Ademais, não há decisão do Tribunal Superior Eleitoral – TSE sobre o assunto.

 O posicionamento exarado na decisão embargada é no sentido de que a justa causa deve ser objetivamente comprovada nos autos, ou seja, que a fusão não gera automaticamente hipótese de justa causa a autorizar a desfiliação.

Transcrevo trecho do acórdão de minha lavra:

Nesse cenário, ainda que seja razoável a argumentação trazida na inicial quanto à mudança programática decorrente da fusão, não menos razoável é a circunstância de que a fusão, por si só, não é justa causa para autorizar a desfiliação do mandatário.

Isso porque o art. 22-A da Lei n. 9.096/95, acrescentado pela Lei 13.165/15, revogou tacitamente o art. 1º, § 1º, I da Res. TSE 22.610/07, que previa, de forma expressa, a hipótese de incorporação ou fusão de partido político como justa causa para a desfiliação partidária.

O vigente art. 22-A da Lei n. 9.096/95 não prevê a incorporação ou fusão partidária como justa causa para a desfiliação partidária.

Dessa forma, reitero: a mera fusão ou incorporação de partidos não significa necessariamente uma mudança substancial do programa partidário, sem que isso seja objetivamente aferido nos autos.

 

Aliás, com a devida licença do entendimento firmado pelos Tribunais mencionados pelo embargante, considerar que toda fusão acarreta mudança substancial no programa do partido equivale a inovar, criando uma regra objetiva de que a fusão é motivo de desfiliação partidária por justa causa. Não é o que a lei dispõe, pois a inserção do art. 22-A na Lei n. 9096/95 revogou tacitamente o § 1º do art. 1º da Resolução TSE n. 22.610/07, o qual trazia a fusão/incorporação como causa objetiva de desfiliação (precedente do STF - ADI: 4583 DF).

Em contrapartida, o embargante sustenta que “a fusão de partidos, é por si só, uma mudança significativa de seu programa partidário” e que o próprio acórdão reconhece a possibilidade de mudança substancial do programa do partido poder justificar a desfiliação em casos de fusão.

De fato, o acórdão reconhece a possibilidade de haver mudança substancial do programa por motivo de fusão de partidos, mas expressamente declara não haver prova da alegada alteração substancial no programa partidário pelas razões de decidir já explanadas no corpo do acórdão como também pelos fundamentos que repito: “quando há a fusão de dois partidos ou mais, em tese, não há uma alteração substancial do programa partidário, já que o novo programa é fruto de um consenso entre os integrantes das agremiações em processo de fusão.
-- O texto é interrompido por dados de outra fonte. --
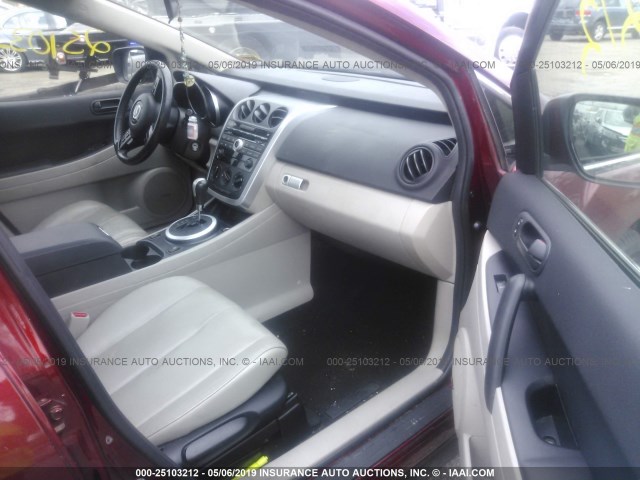 JM3ER29LX90232677 - 2009 MAZDA CX-7 RED photo 5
Conforme se verifica na legislação que disciplina os processos de fusão e incorporação, art. 29, §1º, I e II da Lei 9096/95”.
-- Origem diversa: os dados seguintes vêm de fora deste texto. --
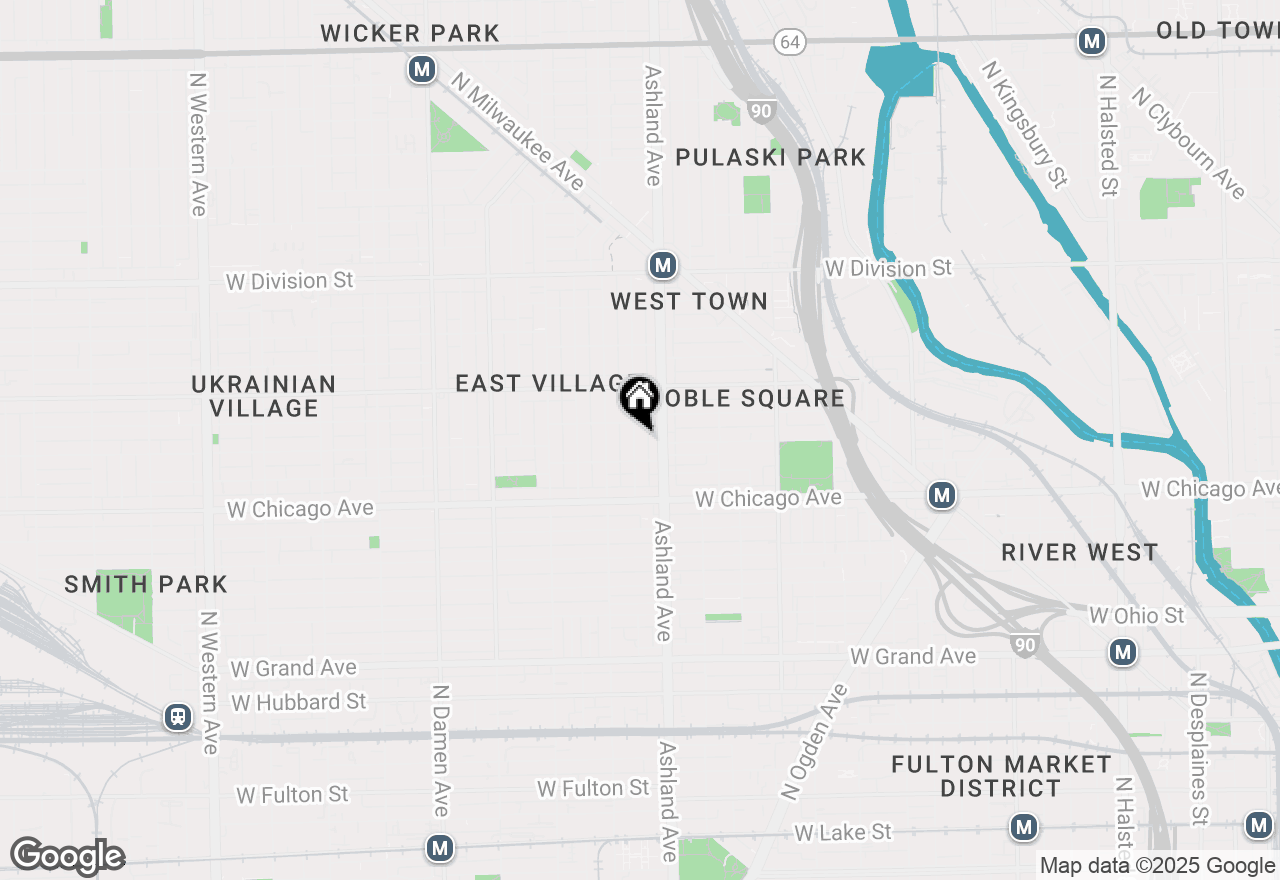 Map of 867 N Marshfield Avenue #3, Chicago, IL 60622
Ao contrário do afirmado pelo embargante, o acórdão não desconsiderou nem se quedou inerte diante dos argumentos trazidos pelo recorrente, tão somente considerou as exposições insuficientes a comprovar objetivamente a hipótese de justa causa.
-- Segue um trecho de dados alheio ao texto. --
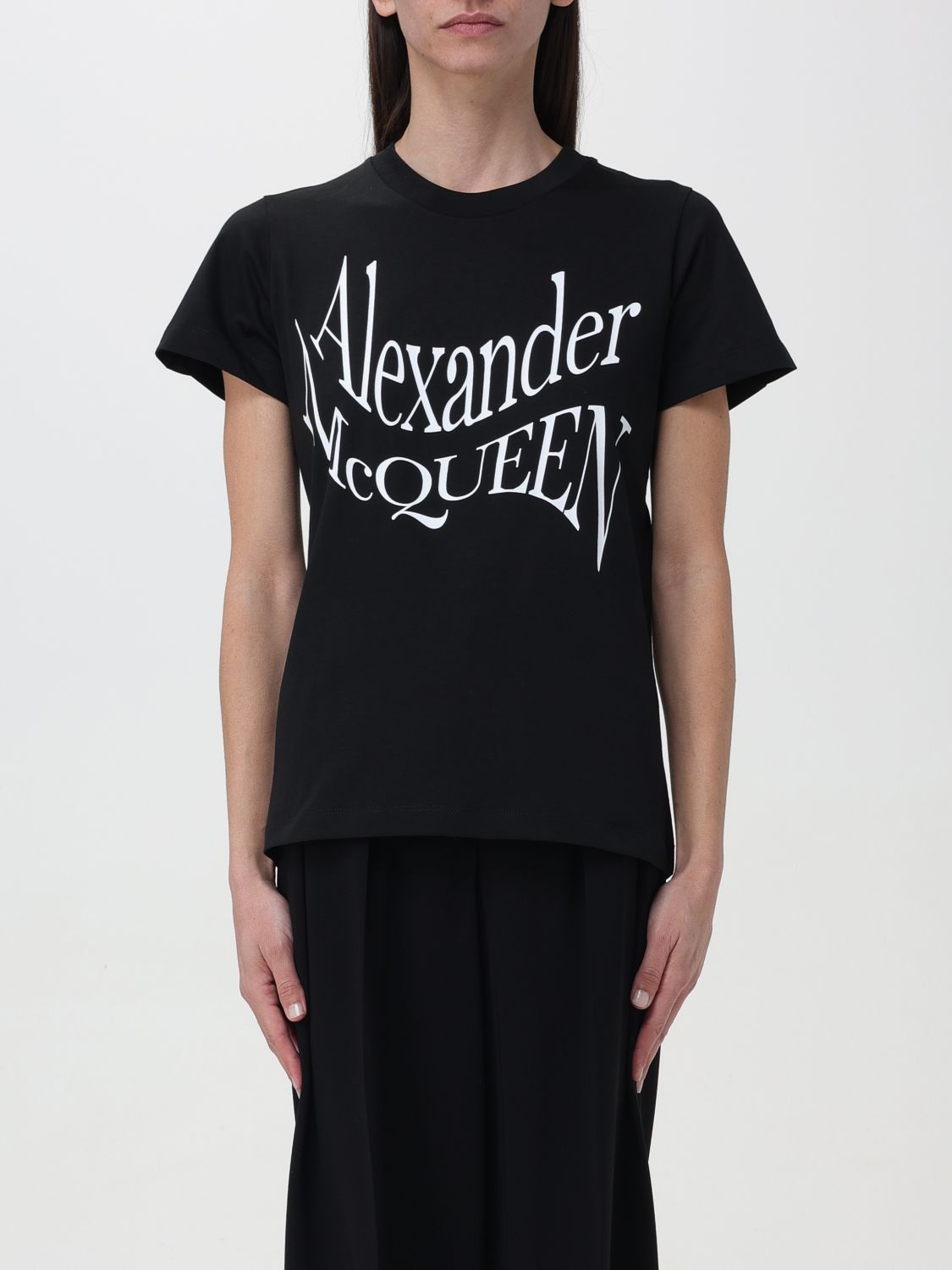 Alexander McQueen T-Shirt ALEXANDER MCQUEEN Woman colour Black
Quanto à alegação de decisão contra expressa disposição legal ao que se refere à interpretação do art. 22-A da Lei n. 9.096/95 e do art. 17, § 6º, da CF, o embargante recorrente argui que o entendimento constante no acórdão encerra a existência de uma questão federal controvertida, no que tange à expressões “partido pelo qual foi eleito” (art. 22-A, caput ) e “partido pelo qual tenham sido eleitos” (art. 17, § 6°, da CF).

Ab initio, percebe-se que o art. 22-A da Lei n. 9.096/95, inserido pela Lei n. 13.165/15, ao dispor de forma taxativa e exaustiva sobre as hipóteses de justa causa para a desfiliação partidária, revogou tacitamente o § 1º do art. 1º da Resolução TSE n. 22.610/07, restando aplicável a mencionada resolução apenas aos aspectos processuais.

A superveniência do art. 22-A acrescentou ao inc. III como hipótese de justa causa a “janela partidária” e definiu taxativamente nos incs. I e II, respectivamente, a mudança substancial ou o desvio reiterado do programa partidário e a grave discriminação política pessoal.

Note-se que não mais se encontra na legislação como motivo de justa causa a fusão ou incorporação de partidos. Como a redação do art. 22-A excluiu a fusão e a incorporação, a interpretação da expressão “partido pelo qual foi eleito”, por óbvio, somente pode se reportar aos motivos de justa causa dos incs. I, II e III cujo teor não se refira a hipóteses de fusão ou incorporação.

Explico.

No caso específico da fusão, o partido pelo qual o parlamentar foi eleito está extinto, passando sua filiação automaticamente a pertencer ao novo partido como se a ele pertencesse desde sempre, tanto que a ação foi interposta contra o UNIÃO, e não contra o “partido pelo qual foi eleito”. No momento do pedido de desfiliação, o partido fundido não existe mais, de modo que essa expressão deve ser compreendida e dirigida ao novo partido fruto da fusão, tanto que o pedido de desfiliação é dirigido a ele.

Ademais, indico que a expressão “pelo qual foi eleito”, presente no art. 22-A da Lei n. 9.096/95 e, em patamar constitucional, constante no art. 17, § 6º, da CF, não possui força para conceder justa causa a priori àquele desertor de partido que sofreu fusão, sob pena de que passemos a tratar a exceção como regra.

Desta feita, se a justa causa é exceção, e se justa causa por fusão partidária não foi objeto de regra constitucional ou ordinária, a melhor hermenêutica há de levar à exegese de que o legislador ao indicar a expressão “pelo qual foi eleito” legislou para um grupo determinado de parlamentares, os quais pretendem se desfiliar do partido pelo qual foram eleitos, não contemplando obviamente os trânsfugas por fusão partidária. De modo que o caput do art. 22-A da Lei das Eleições não favorece o desertor que pretende sair do novo partido.

Ademais, o embargante, ao trazer à baila essas questões interpretativas com relação à expressão do contido no caput do art. 22-A da Lei n. 9.096/95, também afirma a existência de questão federal controvertida, caracterizada pela existência de interpretações divergentes, dadas por tribunais diversos, acerca de um mesmo dispositivo de lei federal, demonstrando que pretende a reforma da decisão que lhe foi desfavorável, mediante alteração do entendimento esposado no acórdão. Em verdade, busca ver seu direito subjetivo tutelado sob as vestes de uniformização interpretativa acerca de um mesmo dispositivo de lei federal, pretensão que não se amolda aos aclaratórios.

Com essas considerações, VOTO pela rejeição dos embargos de declaração.